━━ EXERCISE DATA

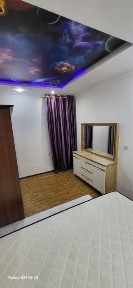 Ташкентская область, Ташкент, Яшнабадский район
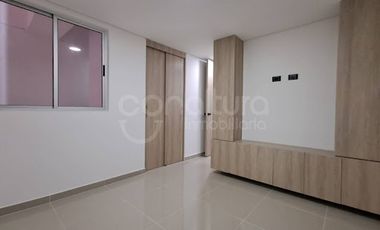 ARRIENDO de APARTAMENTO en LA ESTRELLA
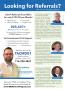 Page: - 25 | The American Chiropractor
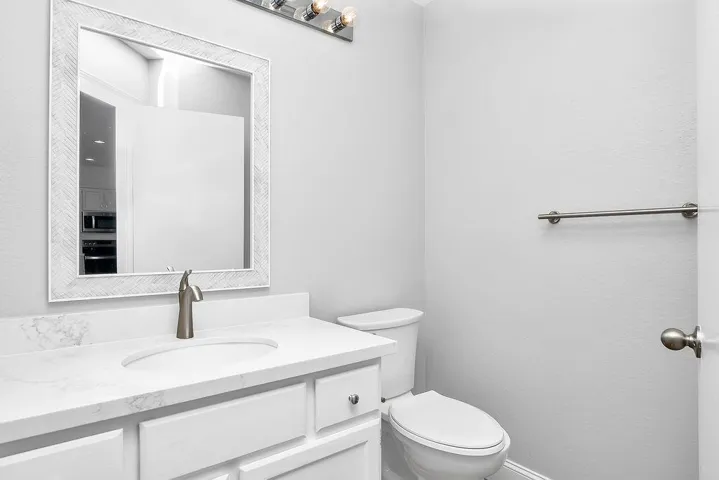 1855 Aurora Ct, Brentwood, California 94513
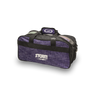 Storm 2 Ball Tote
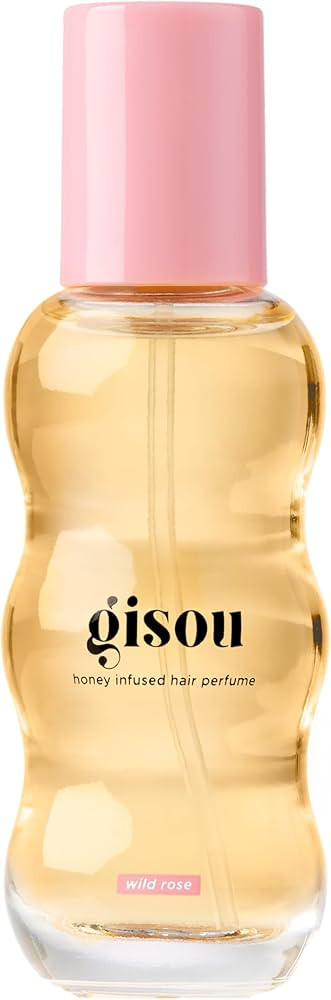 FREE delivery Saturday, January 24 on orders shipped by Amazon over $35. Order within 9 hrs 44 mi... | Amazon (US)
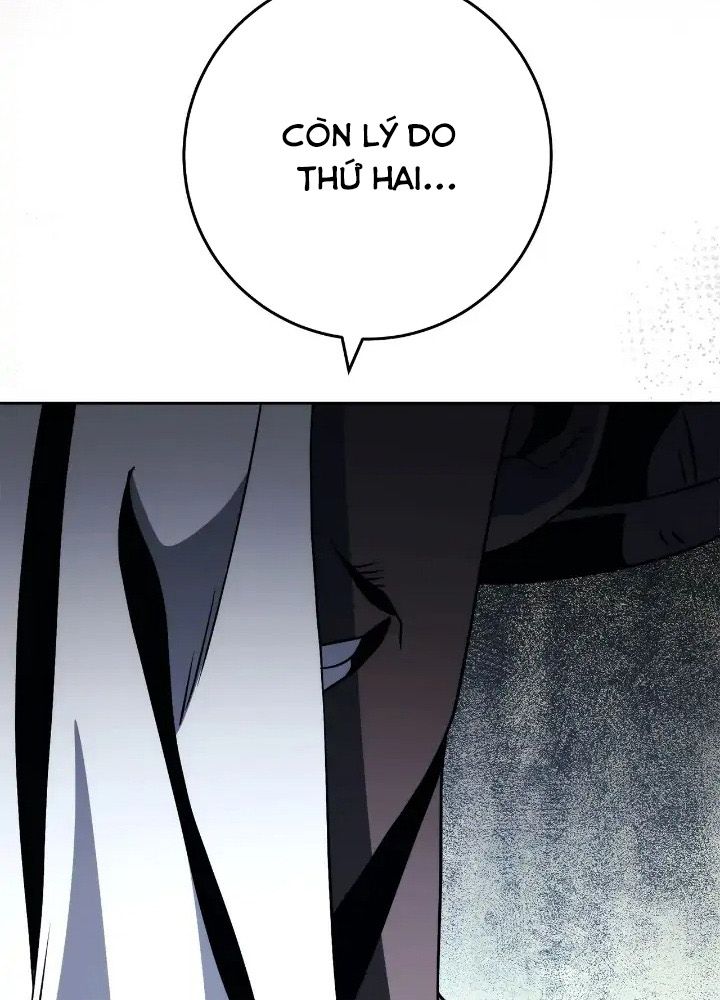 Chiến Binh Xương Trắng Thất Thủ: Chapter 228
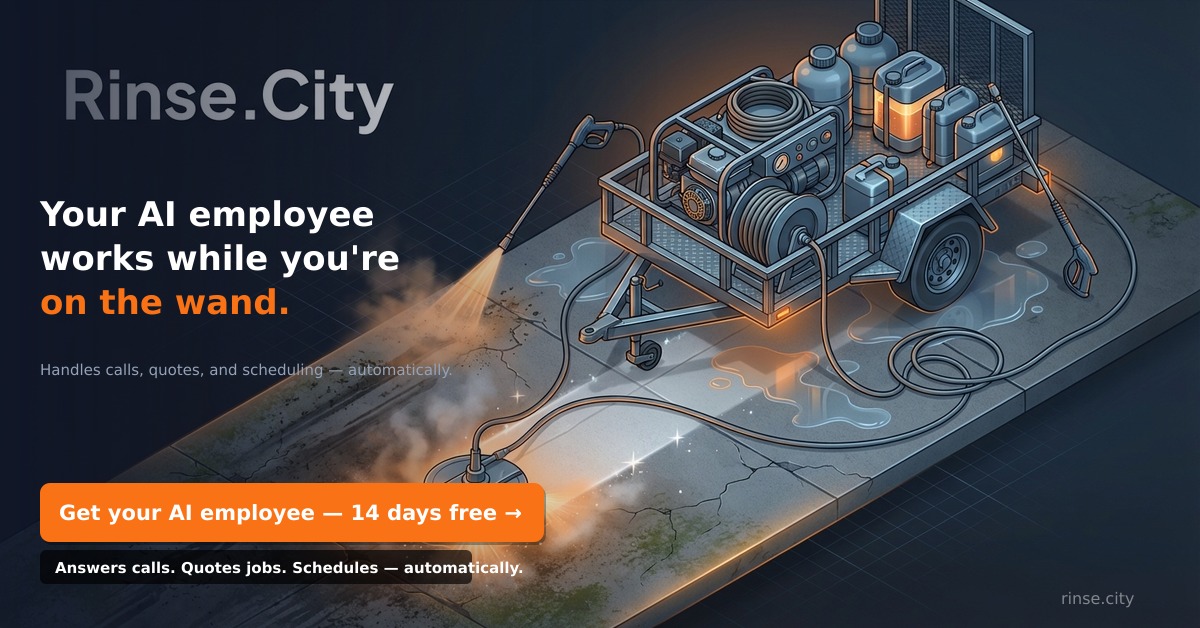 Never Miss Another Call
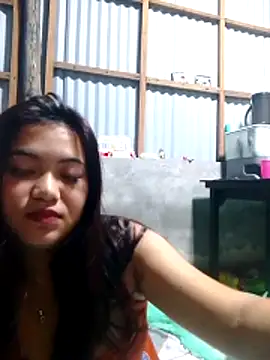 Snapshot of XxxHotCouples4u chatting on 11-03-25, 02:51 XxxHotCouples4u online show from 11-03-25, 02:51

━━━━
━━ EXERCISE DATA

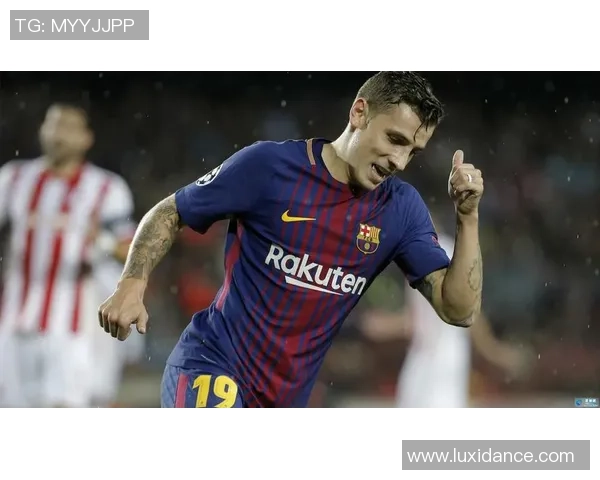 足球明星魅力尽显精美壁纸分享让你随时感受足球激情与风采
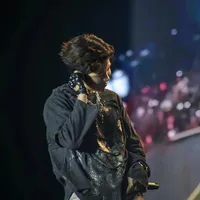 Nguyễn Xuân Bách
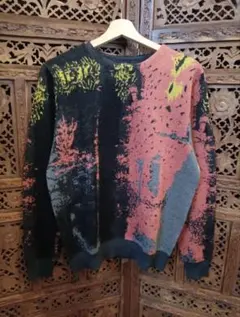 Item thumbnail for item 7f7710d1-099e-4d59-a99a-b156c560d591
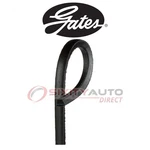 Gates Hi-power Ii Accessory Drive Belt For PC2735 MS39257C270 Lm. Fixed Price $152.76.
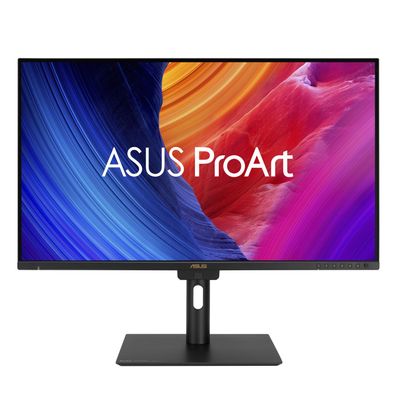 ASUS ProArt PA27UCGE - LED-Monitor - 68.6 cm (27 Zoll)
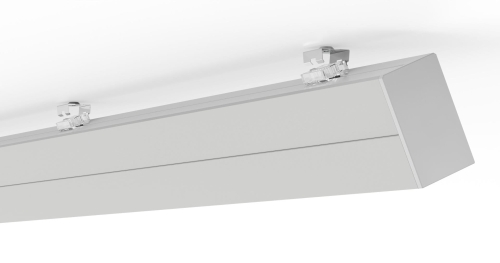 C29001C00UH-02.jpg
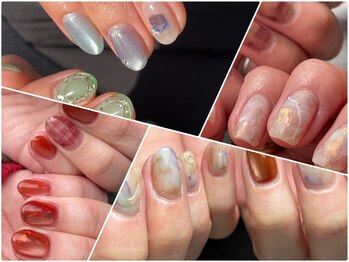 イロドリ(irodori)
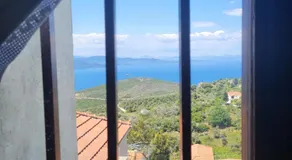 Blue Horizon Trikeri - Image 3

━━━━

● **PROBLEM**
Each line above that falls between the line with "ARRIENDO de APARTAMENTO en LA ESTRELLA" and the line with "Snapshot of XxxHotCouples4u" should be printed exactly, together with those two lines, but the pictures should not.

● **ANSWER FOR THE TASK**
 ARRIENDO de APARTAMENTO en LA ESTRELLA
 Page: - 25 | The American Chiropractor
 1855 Aurora Ct, Brentwood, California 94513
 Storm 2 Ball Tote
 FREE delivery Saturday, January 24 on orders shipped by Amazon over $35. Order within 9 hrs 44 mi... | Amazon (US)
 Chiến Binh Xương Trắng Thất Thủ: Chapter 228
 Never Miss Another Call
 Snapshot of XxxHotCouples4u chatting on 11-03-25, 02:51 XxxHotCouples4u online show from 11-03-25, 02:51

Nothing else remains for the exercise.